Copy nothing past the line containing "バック刺繍 チェック オーバーサイズ シャツ | REGIEVO | 詳細画像9". Transcribe every line of the listing below up to and including it, from the first, except pictures.

▸ SUPPLIED MATERIAL:
· · ·

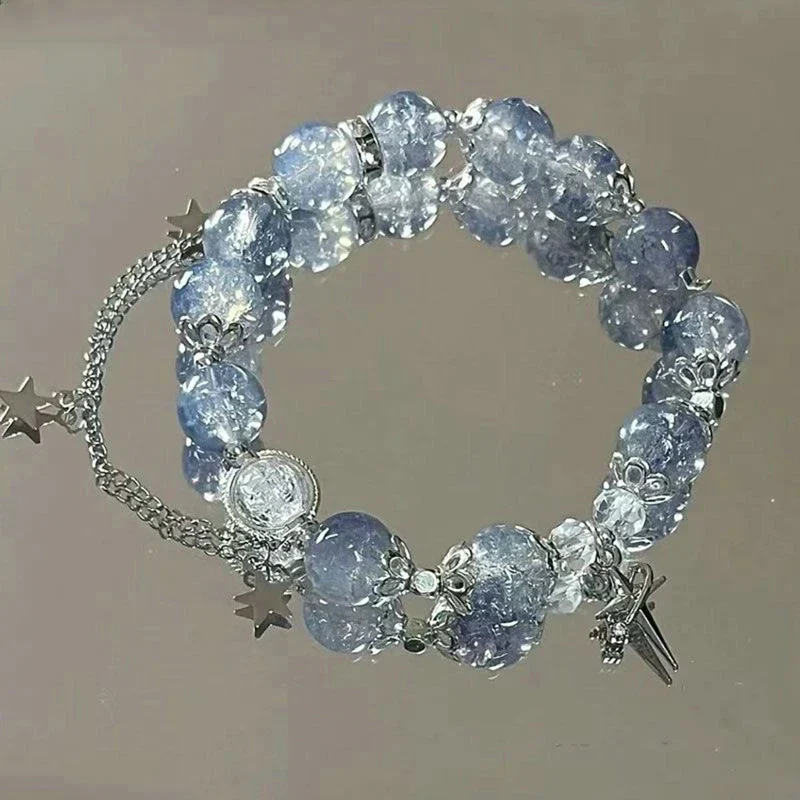 Simple Green Popcorn Beaded Crystal Bracelet for Women - Image 9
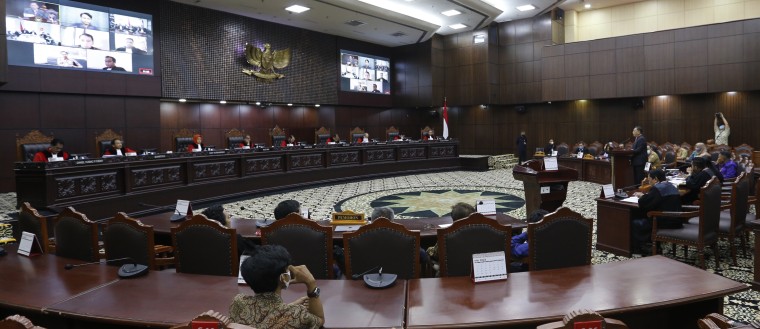 Mahkamah Konstitusi menggelar Sidang lanjutan ji materiil Undang-Undang Nomor 7 Tahun 2017 tentang Pemilihan Umum dengan agenda mendengarkan keterangan Ahli dari Pihak Terkait Partai Garuda dan Partai Nasdem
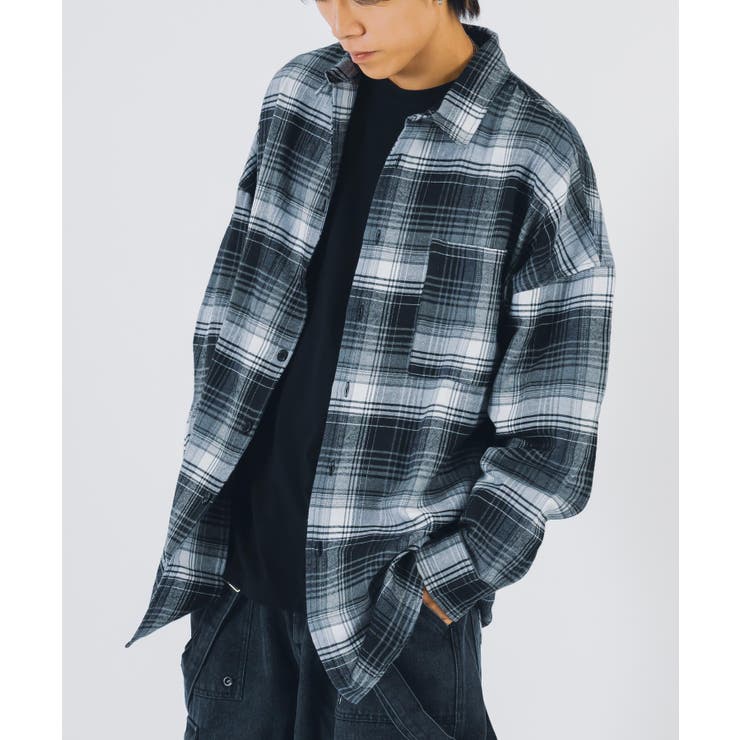 バック刺繍 チェック オーバーサイズ シャツ | REGIEVO | 詳細画像9 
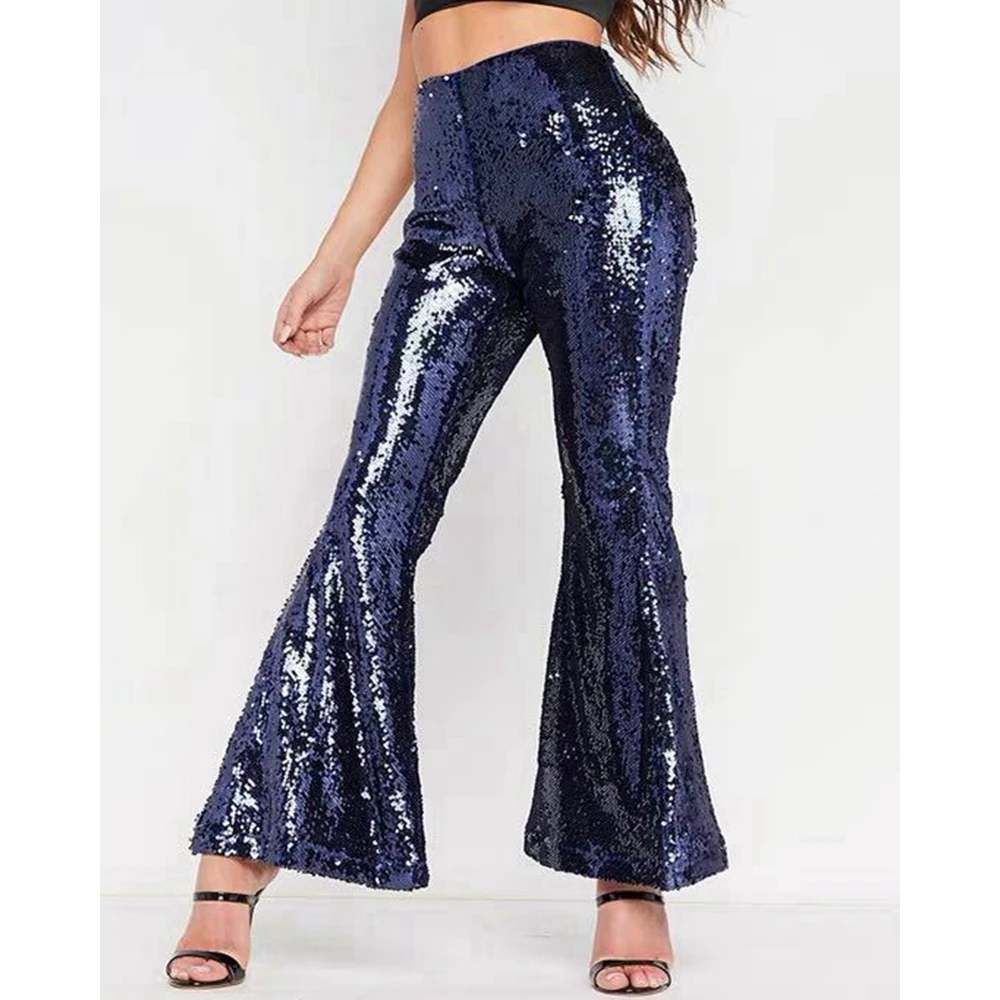 Women Zipper Fly Sequins Design Flared Pants High Waist Ball Party Skinny Pants Boot Cut Streetwear Nightclub Pants Clothing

· · ·

▸ RESPONSE BELOW:
 Simple Green Popcorn Beaded Crystal Bracelet for Women - Image 9
 Mahkamah Konstitusi menggelar Sidang lanjutan ji materiil Undang-Undang Nomor 7 Tahun 2017 tentang Pemilihan Umum dengan agenda mendengarkan keterangan Ahli dari Pihak Terkait Partai Garuda dan Partai Nasdem
 バック刺繍 チェック オーバーサイズ シャツ | REGIEVO | 詳細画像9 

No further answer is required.